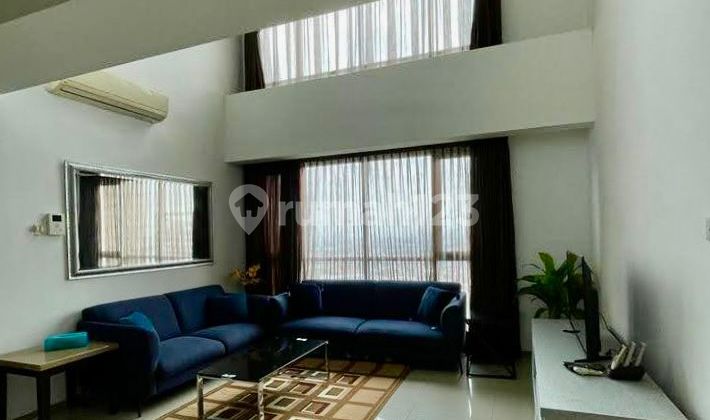 For Sale Apt Gandaria Heights 3Br Loft Always Rented @5.2B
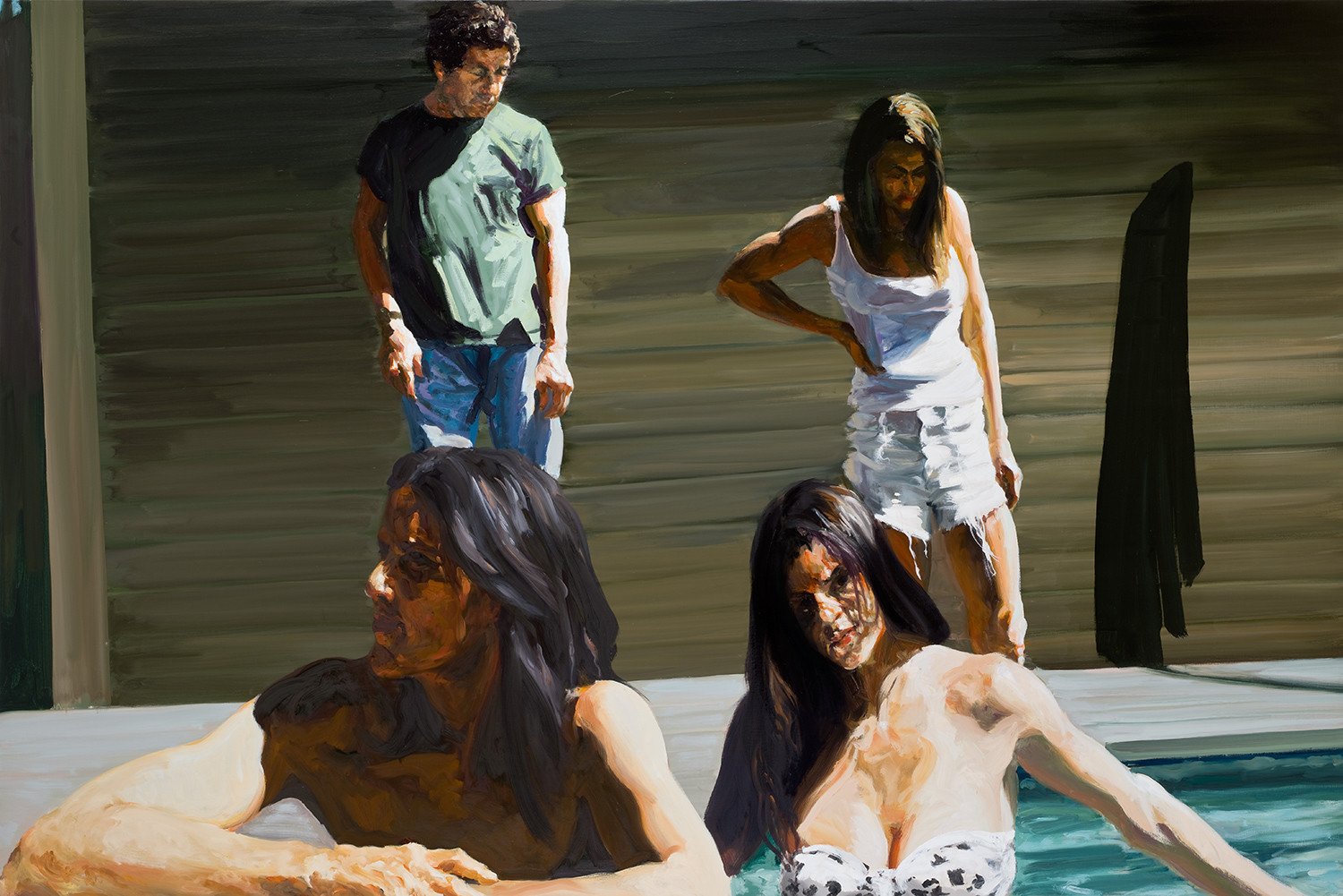 Фулл с фишль. Фишль Геншин. Eric Fischl картины.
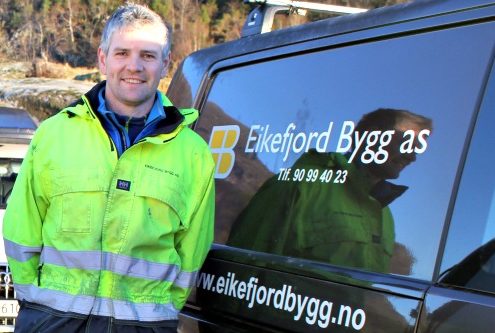 Eikefjord Bygg AS - eikefjordbygg.no Vidar Knapstad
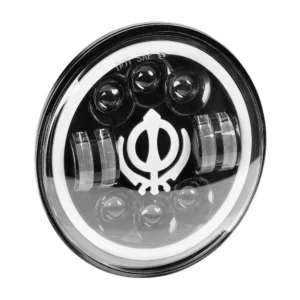 ΠΡΟΒΟΛΕΑΣ ΕΡΓΑΣΙΑΣ ΣΤΡΟΓΓΥΛΟΣ GHOST 5.500lm 9>36V 60W 6.000K Φ170x170x65mm 4 ΧΡΗΣΕΩΝ ΑΜΙΟ - 1 ΤΕΜ. 03696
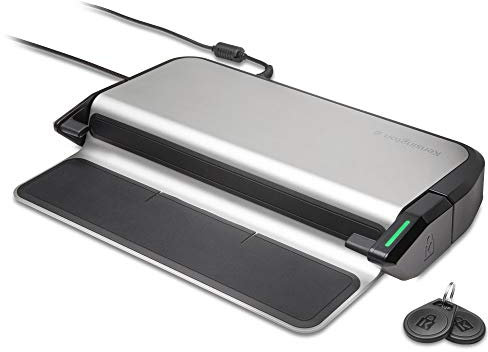 Kensington LD4650P Dual Video USB-C Docking Station with K-Fob Smart Lock - Windows (K38400NA)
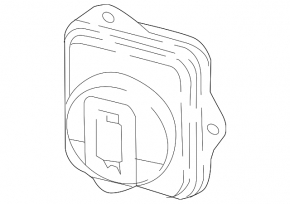 Left headlight control unit for Volvo XC60 18-21 LED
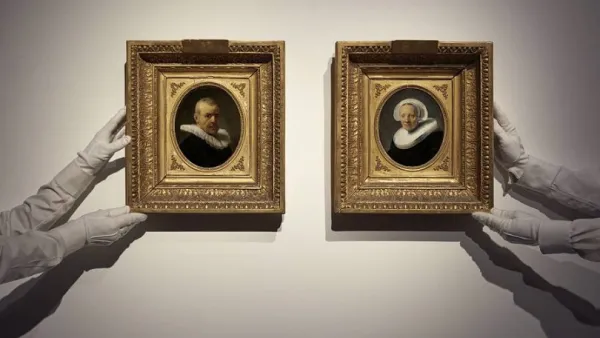 Rare and exceptional rembrandt paintings discovered in the UK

━━━━━━

Leaving each image aside, repeat the listing above exactly.

 For Sale Apt Gandaria Heights 3Br Loft Always Rented @5.2B
 Фулл с фишль. Фишль Геншин. Eric Fischl картины.
 Eikefjord Bygg AS - eikefjordbygg.no Vidar Knapstad
 ΠΡΟΒΟΛΕΑΣ ΕΡΓΑΣΙΑΣ ΣΤΡΟΓΓΥΛΟΣ GHOST 5.500lm 9>36V 60W 6.000K Φ170x170x65mm 4 ΧΡΗΣΕΩΝ ΑΜΙΟ - 1 ΤΕΜ. 03696
 Kensington LD4650P Dual Video USB-C Docking Station with K-Fob Smart Lock - Windows (K38400NA)
 Left headlight control unit for Volvo XC60 18-21 LED
 Rare and exceptional rembrandt paintings discovered in the UK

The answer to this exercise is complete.